I am trying to start a conversation here to explain that the children under our supervision, whether they are our own or under the guidance of a coach, mentor or teacher, needs to be informed. I am not advocating for mediocrity and “bubble wrapping” our children. I am, however, advocating that people with true hypermobility should be made aware of that diagnosis early on, especially coaches who are in field where this hypermobility is endemic (baseball pitchers, ballet and gymnastics teachers, swimmers, and wrestlers, just to name a few). In these circumstances, coaches should consider watching for early signs of impairment, injury, or symptoms and either reduce the play time or suggest a change altogether to a different field, one that does not stress the joints that are being overtaxed.

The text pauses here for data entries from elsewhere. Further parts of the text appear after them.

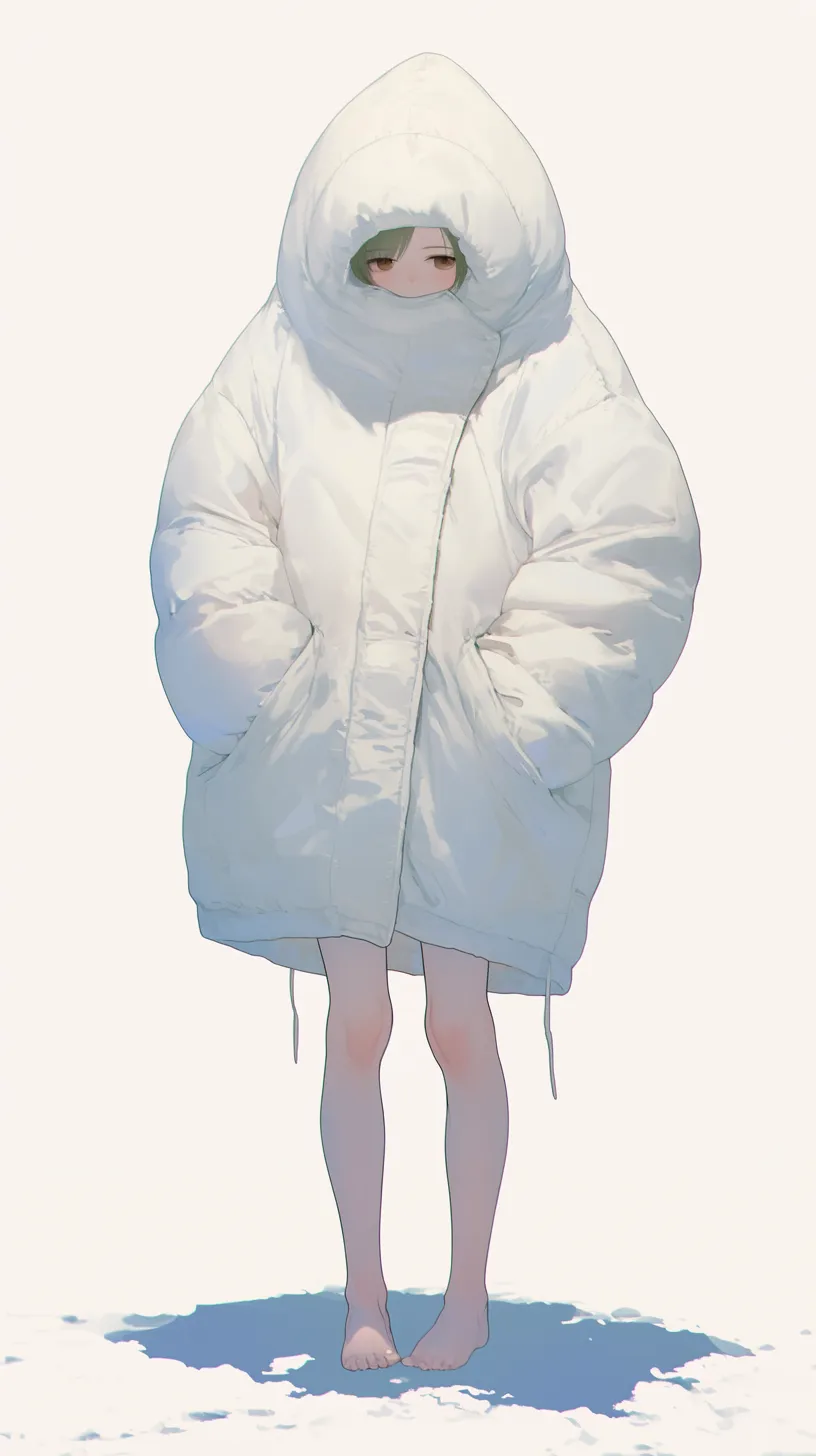 寒い雪原に佇むオーバーサイズ少女｜ふかふかの白いダウンジャケットに包まれ、雪の上に裸足で立つ少女の対比が印象的。温かさと寒さが同居する構図で、柔らかい光の表現が幻想的な雰囲気を醸し出している。シンプルな背景が少女の存在感を引き立て、どこか夢のような世界観を感じさせる。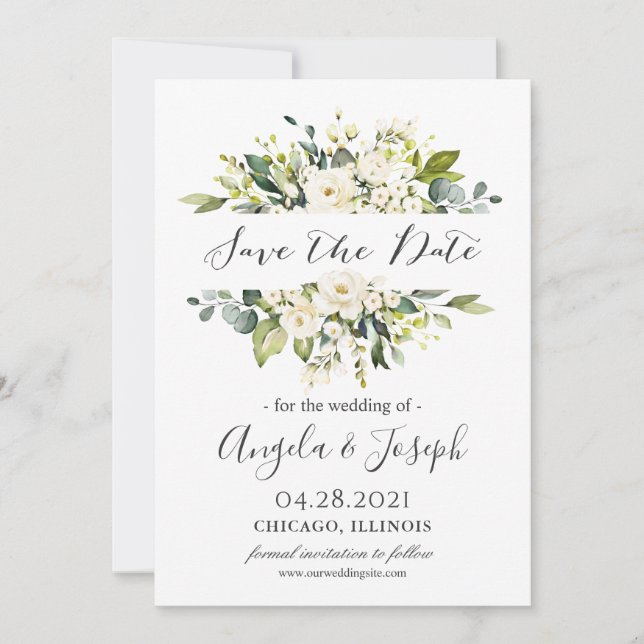 Save The Date Bouquet de Roses blanches Verdure Mariage floral (Devant)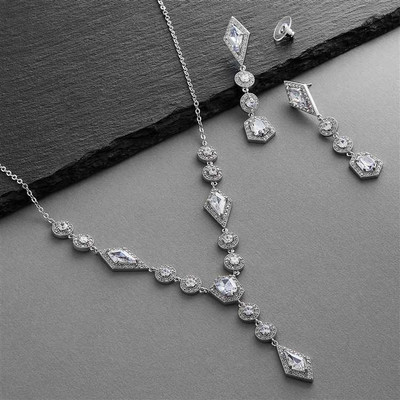 Art Deco Silver Plated Cubic Zirconia Wedding Jewelry Set Art Deco Silver Plated Cubic Zirconia Wedding Jewelry Set
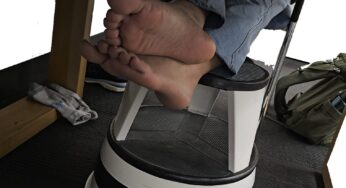 Indian Soles on Stool out of Sneakers and Socks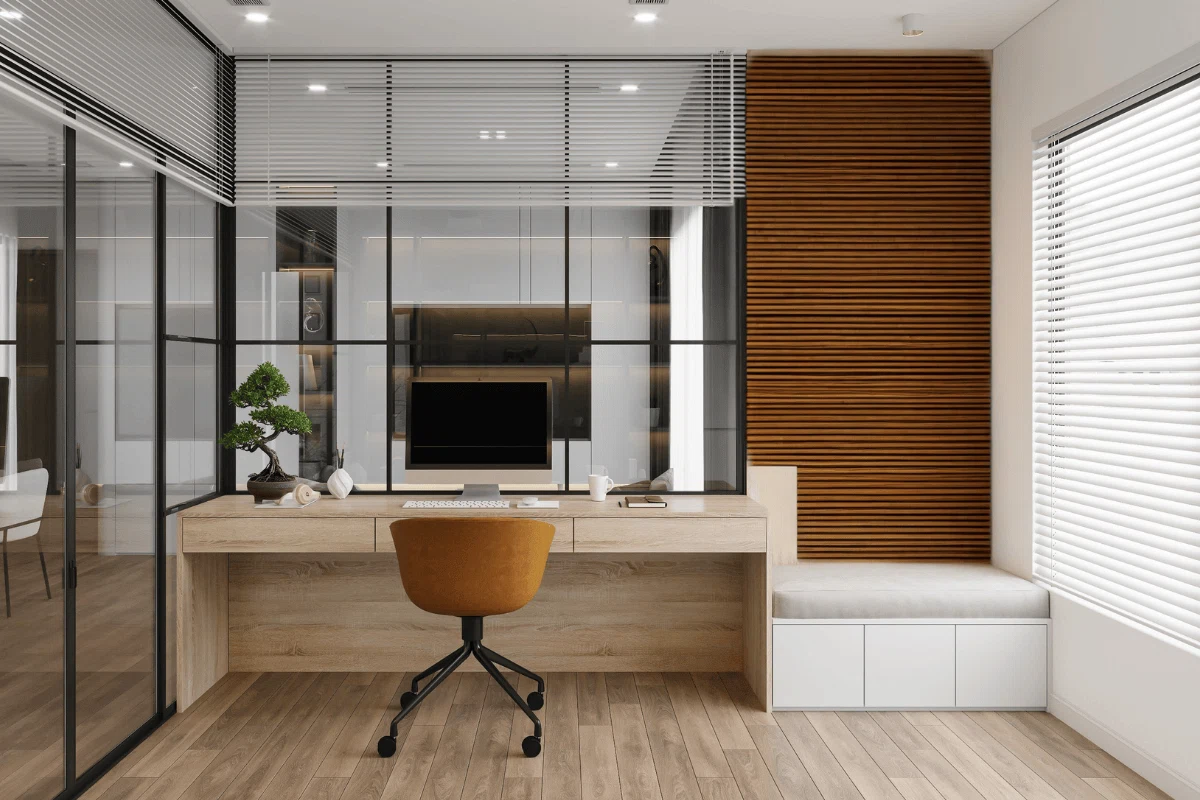 Minimalist office space with acoustic wall panel and glass walls, showcasing a clean and elegant design.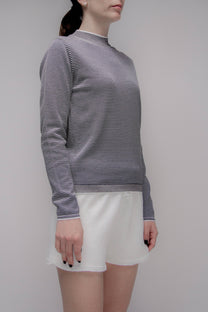 Maglione girocollo a righe in cotone Pima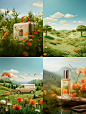 Commercial Photography, KV Poster, E-commerce, Beige as main color, Green as secondary color, Scene building, Embellished orange, Grass landscape, Clear layout, Rich scene --ar 3:4 --s 250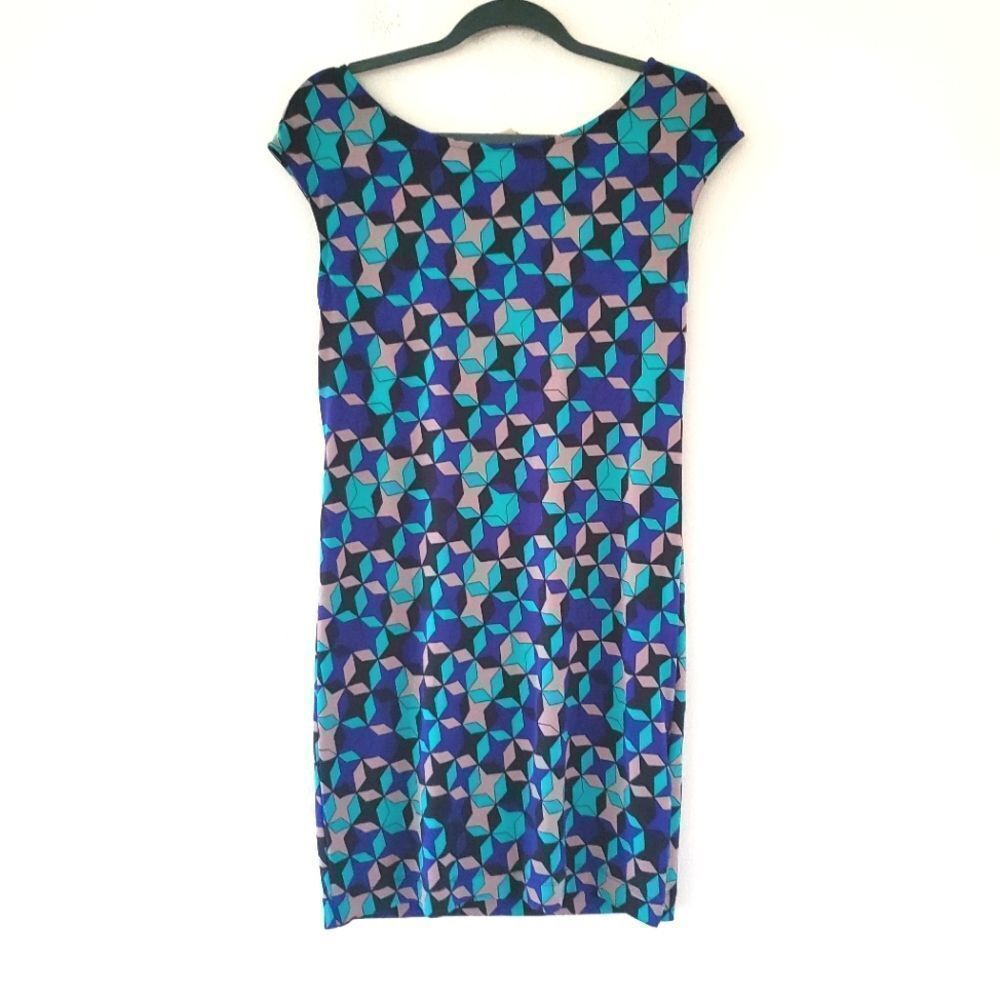 *Banana Republic Blue Geo Print Sheath Dress Sz XS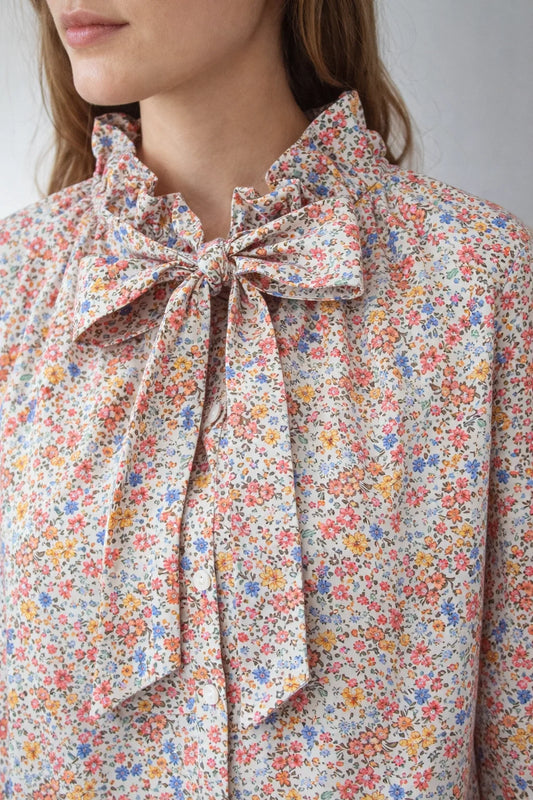 Chemise Fleurie Col Lavallière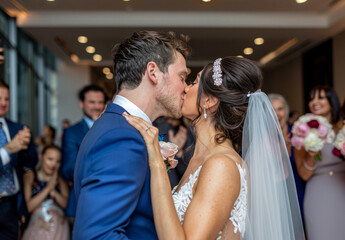 Sealed with a Kiss: A joyful bride and groom share their first kiss as newlyweds, surrounded by cheering friends and family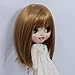 Tzncos Just 1pc wig fit for 10-11 inch Head Dolls, Blyth Qbaby Amydoll Wig Short Straight Collection Hair (Light Brown)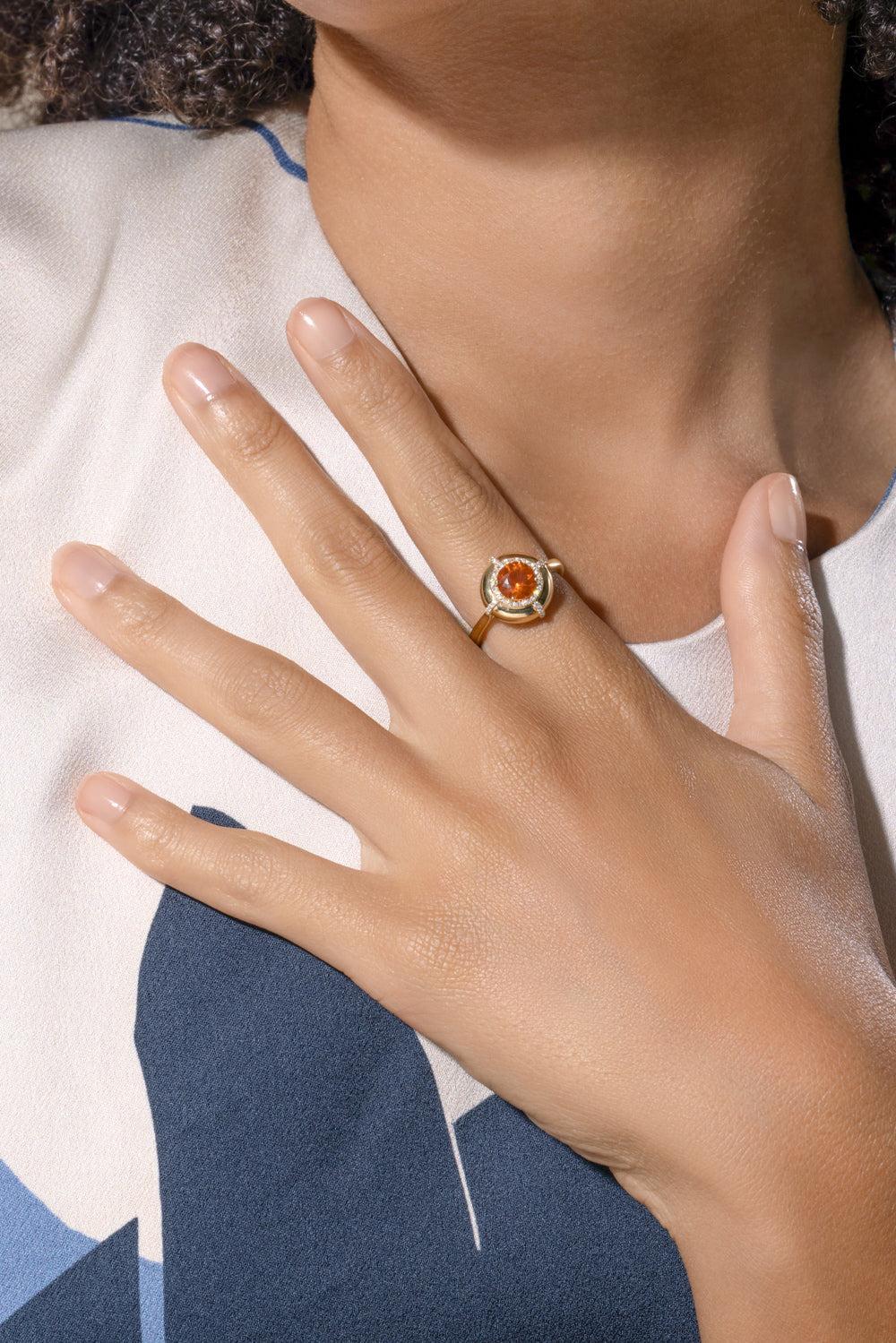 Fire Opal Medallion Ring-YELLOW GOLD-7.25-JEWELRYFINE JEWELRING-GOSHWARA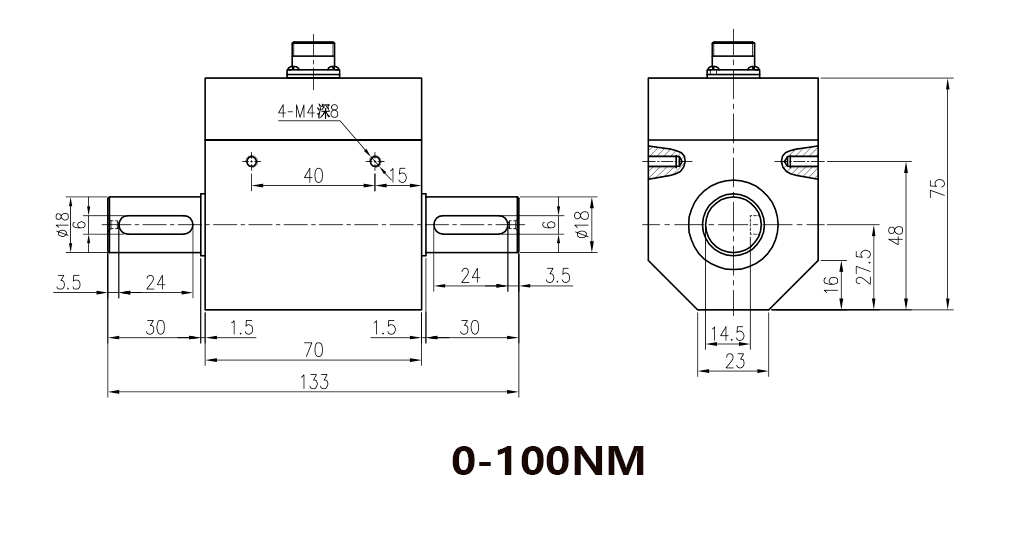 NJL-303扭矩尺寸圖 NJL-303扭矩尺寸圖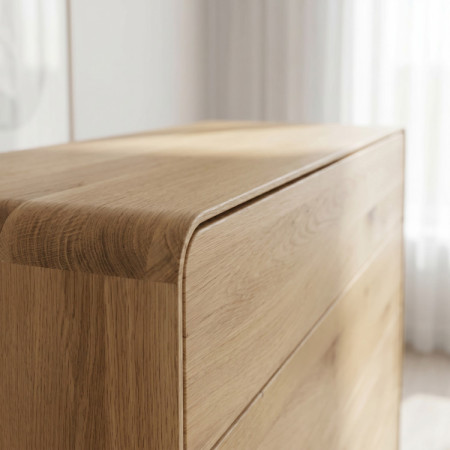 Massivholz Kommode Eiche Weiß mit 4 Schubladen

It is our responsibility as adults to look after the children under our supervision and is not enough to look blindly by and say, “everybody else is doing it”, “it is not that serious”, “just for this one season”, or many of the other rationalizations used by those in a position to make a difference but choose not to. After all, I am trying to put myself out of business here. I have published on this subject, and I continue to present academically, give talks on the subject, operate and get paid for these operations on people whose problem could have been prevented. I would be more than happy to find something else to do with my expertise, intellect and imagination than devise the ways of diagnosing and treating these patients. I think that coaches and parents should show a little bit of that same effort to devising new ways to manage their student athletes to avoid having them become my patients.